Washington, D.C. – The Supreme Court of the United States agreed to review the judgments
Limelight Networks, Inc. v. Akamai Technologies, Inc., Docket No. 12-786, is a patent case involving technology for managing web images and video. Appellate attorneys for Limelight Networks brought the case to the Court after the U.S. Court of Appeals for the Federal Circuit held that, in the case of method patents, multiple parties could be found to jointly infringe on a patent. The Federal Circuit, sitting en banc, held by a 6-5 vote that “all the steps of a claimed method must be performed in order to find induced infringement, but that it is not necessary to prove that all the steps were committed by a single entity.”

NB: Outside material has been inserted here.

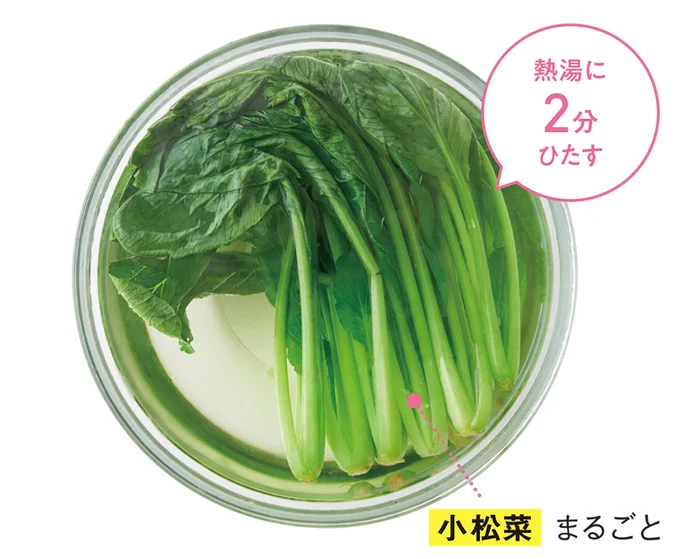 耐熱ボウルに小松菜を入れ、熱湯にひたす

The question raised for review by the Supreme Court is whether a defendant may be liable for inducing patent infringement under 35 U.S.C. § 271(b) even if none has committed direct infringement under § 271(a). Patent attorneys for technology companies including Google Inc., Cisco Systems, Inc., Oracle Corporation, Red Hat, Inc., and SAP America, Inc. filed a brief in support of Limelight.
Nautilus, Inc. v. Biosig Instruments, Inc., Docket No. 13-369, also involves patent infringement litigation. The patent in dispute relates to heart-rate-monitor technology. At issue is the acceptance of ambiguity within patent claims. The Federal Circuit held that the its use of the claim term “spaced relationship” in describing the positioning of two electrodes with respect to each other was not “insolubly ambiguous” when the intrinsic evidence is considered from the perspective of a person skilled in the art.

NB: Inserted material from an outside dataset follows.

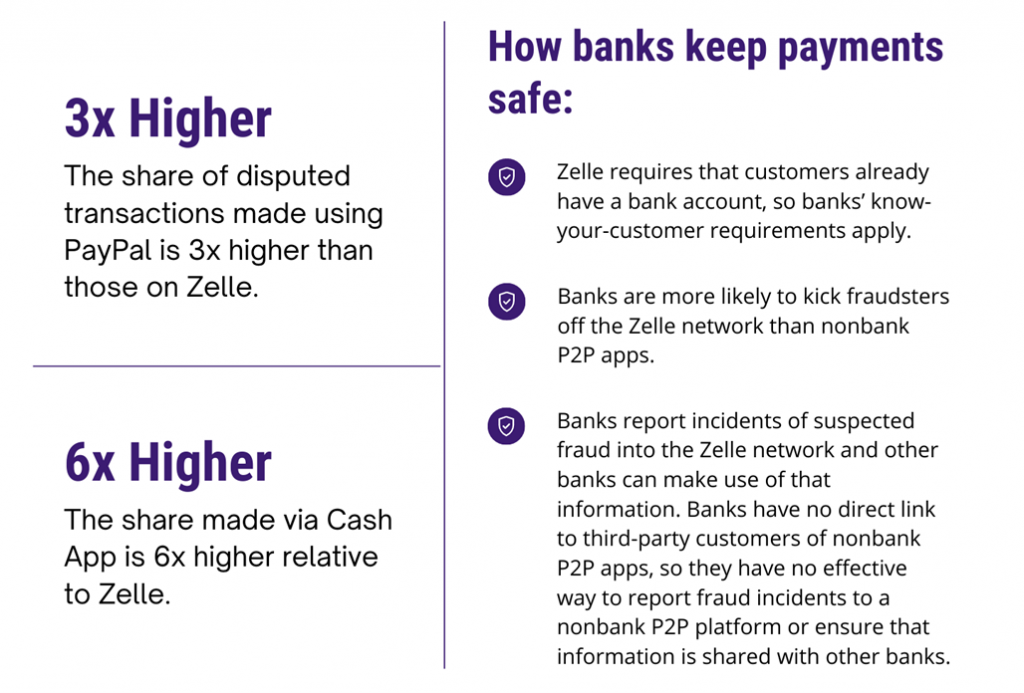 Zelle vs Paypal for Business: Which Is Better?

The question raised for review is whether the Federal Circuit’s acceptance of ambiguous patent claims with multiple reasonable interpretations – so long as the ambiguity is not “insoluble” by a court – defeats the statutory requirement of particular and distinct patent claiming. Amicus briefs have been filed by patent lawyers for multiple organizations, including AARP, Amazon.com, Inc., Cisco Systems, Inc., Dell Inc., ESRI, Garmin International, Inc., Google Inc., J.C. Penney Corporation, Inc., Limelight Networks, Inc., Netflix, Inc., Newegg Inc., Red Hat, Inc., SAP America, Inc., SAS Institute Inc., Verizon Communications Inc., the American Bar Association, the Intellectual Property Law Association of Chicago, Sigram Schindler Beteiligungsgesellschaft mbh, and Yahoo! Inc.

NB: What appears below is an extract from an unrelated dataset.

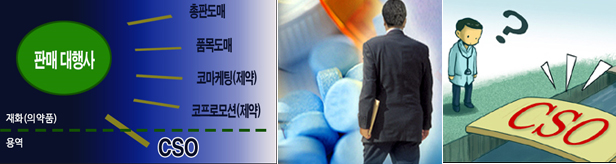영업대행 효과?…처방약 수직상승한 제약기업 눈길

American Broadcasting Companies, Inc. v. Aereo, Inc., Docket No. 13-461, involves copyright litigation over the online streaming of television programs. The Second Circuit affirmed a district court’s holding that Aereo’s transmission of broadcast TV via the Internet did not constitute a “public performance” and thus did not infringe the right of public performance under copyright law. Aereo contends that, because its mini-antennas are individually leased by the subscribers, all streamed content should be considered a “private performance.” American Broadcasting Companies, Inc. (“ABC”) contends that the transmission of broadcast programming to the public should be considered to be “public performance” under copyright law.
The question raised for review by the Supreme Court is whether a company “publicly performs” a copyrighted television program when it retransmits a broadcast of that program to thousands of paid subscribers over the Internet. Eight amicus briefs were filed in support of ABC by various media-affiliated entities.
The final intellectual property litigation to recently granted certiorari by the Court is POM Wonderful LLC v. The Coca-Cola Company, Docket No. 12-761. This case was brought by POM Wonderful under the Lanham Act to challenge Coca-Cola’s use of the name “Pomegranate Blueberry” for a beverage. POM Wonderful asserted that under the Lanham Act, 15 U.S.C. 1125(a), an action could be brought against Coca-Cola for use of a false or misleading description or representation “in connection with any goods.” However, the Ninth Circuit affirmed summary judgment for Coca-Cola on the grounds that the Food Drug and Cosmetic Act comprehensively regulates food and beverage labeling and that, as a result, the Lanham Act claim could not proceed.
The question raised for review is whether a private party may bring a Lanham Act claim challenging a product label regulated under the Food, Drug, and Cosmetic Act.
Practice Tip: The Supreme Court has ultimate, and largely discretionary, appellate jurisdiction. The Court exercises that appellate jurisdiction only for “compelling reasons,” such as: resolving a split among the federal circuit courts on an important federal matter; addressing conflicting holdings regarding important federal questions between a federal appellate court and a state’s court of law resort or between two state courts of law resort; and where a state court or a federal court of appeals has decided an important question of federal law that has not been, but should be, settled by the Supreme Court, or has decided an important federal question in a way that conflicts with relevant decisions of the Court.